- **Work to be completed**:
Only the lines from the line with "Vegan Hot Dog." through the end of the records belong in your reply, copied exactly, with every picture left out.
Records shown Block Start
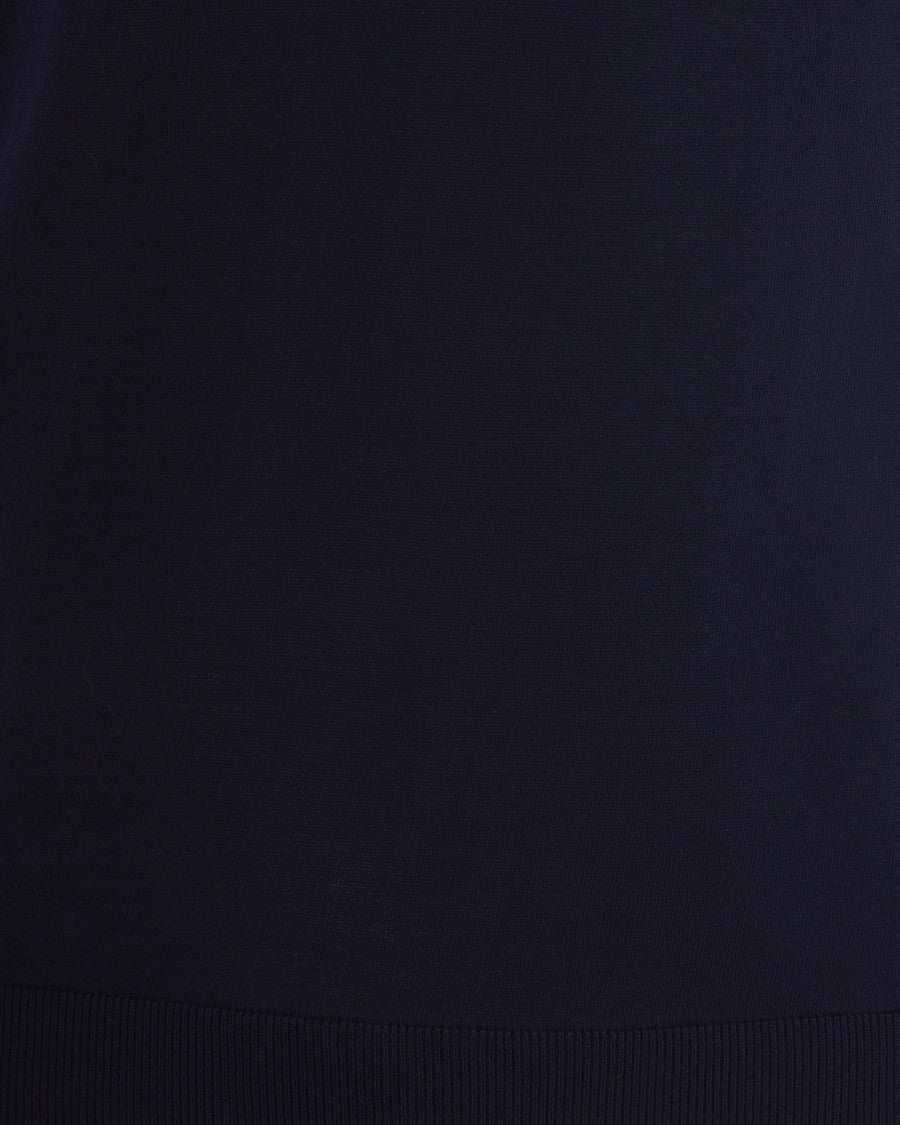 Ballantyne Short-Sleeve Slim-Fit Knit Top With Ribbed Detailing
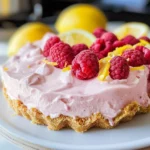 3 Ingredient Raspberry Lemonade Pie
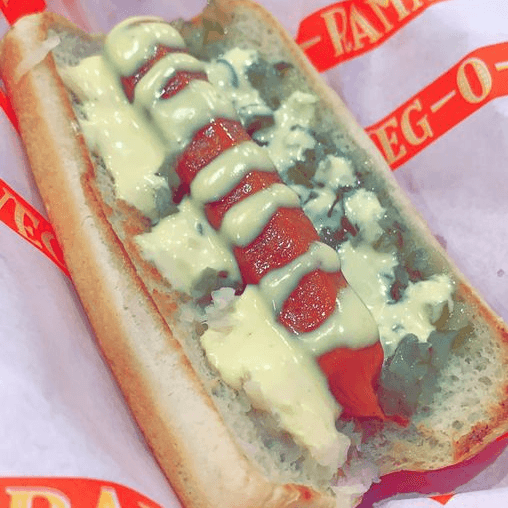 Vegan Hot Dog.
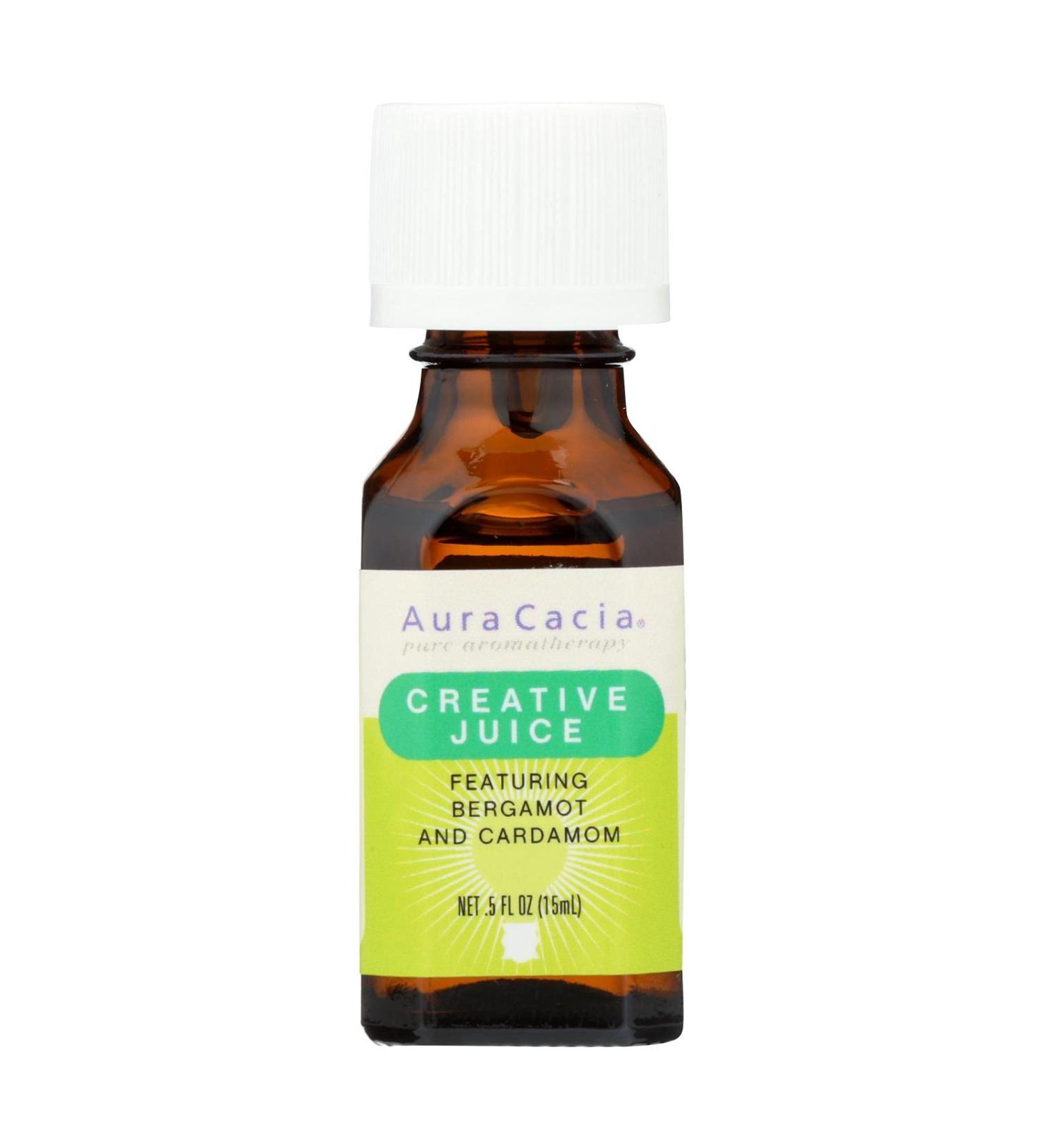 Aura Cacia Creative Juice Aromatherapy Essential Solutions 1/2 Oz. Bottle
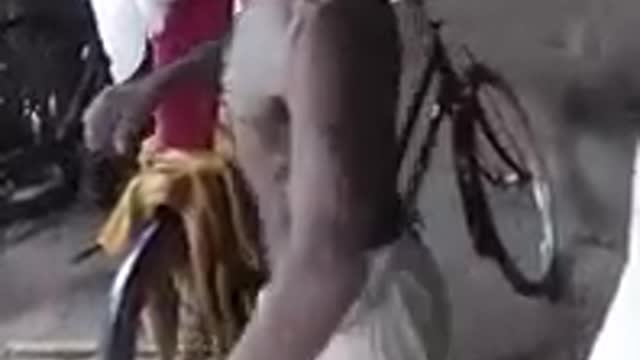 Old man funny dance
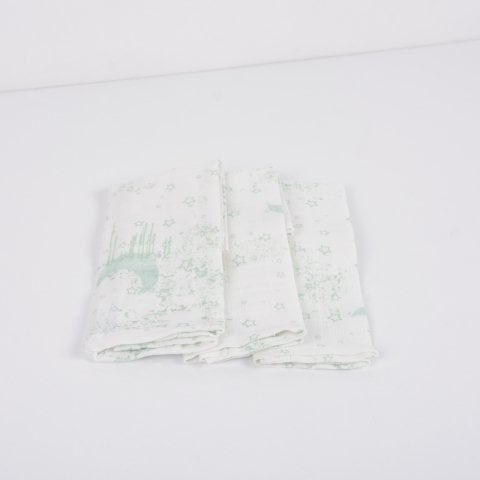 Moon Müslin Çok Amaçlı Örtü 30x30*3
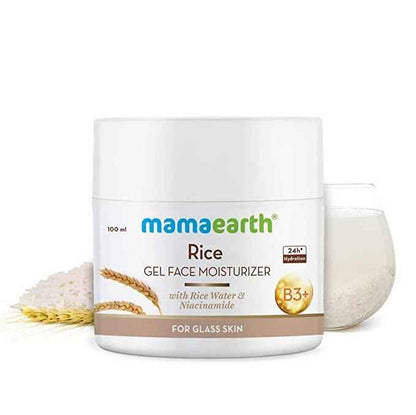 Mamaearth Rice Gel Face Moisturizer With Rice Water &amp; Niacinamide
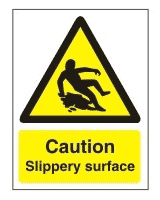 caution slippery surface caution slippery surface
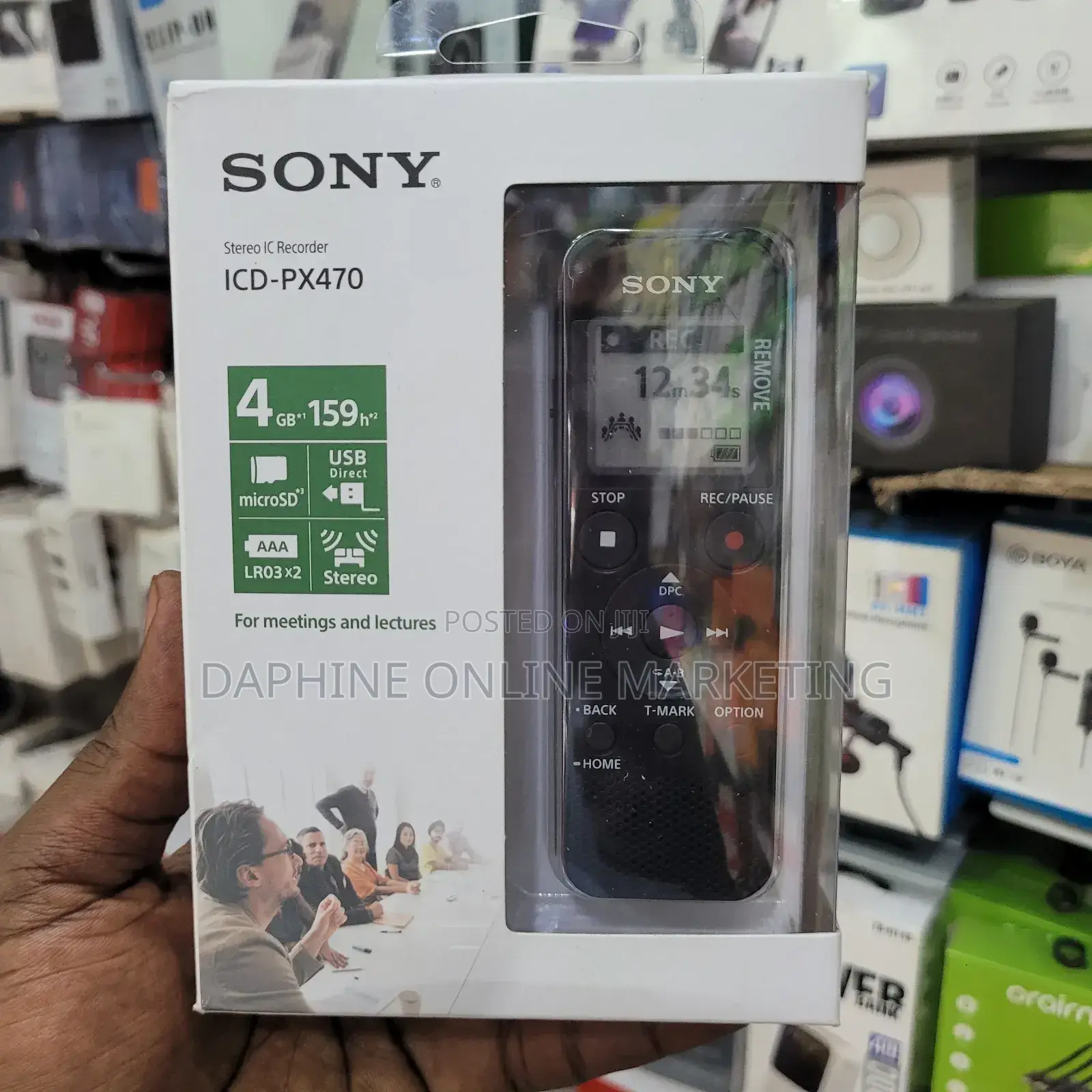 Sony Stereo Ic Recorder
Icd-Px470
Records shown Block End
- **Reply to the exercise**:
 Vegan Hot Dog.
 Aura Cacia Creative Juice Aromatherapy Essential Solutions 1/2 Oz. Bottle
 Old man funny dance
 Moon Müslin Çok Amaçlı Örtü 30x30*3
 Mamaearth Rice Gel Face Moisturizer With Rice Water &amp; Niacinamide
 caution slippery surface caution slippery surface
 Sony Stereo Ic Recorder
Icd-Px470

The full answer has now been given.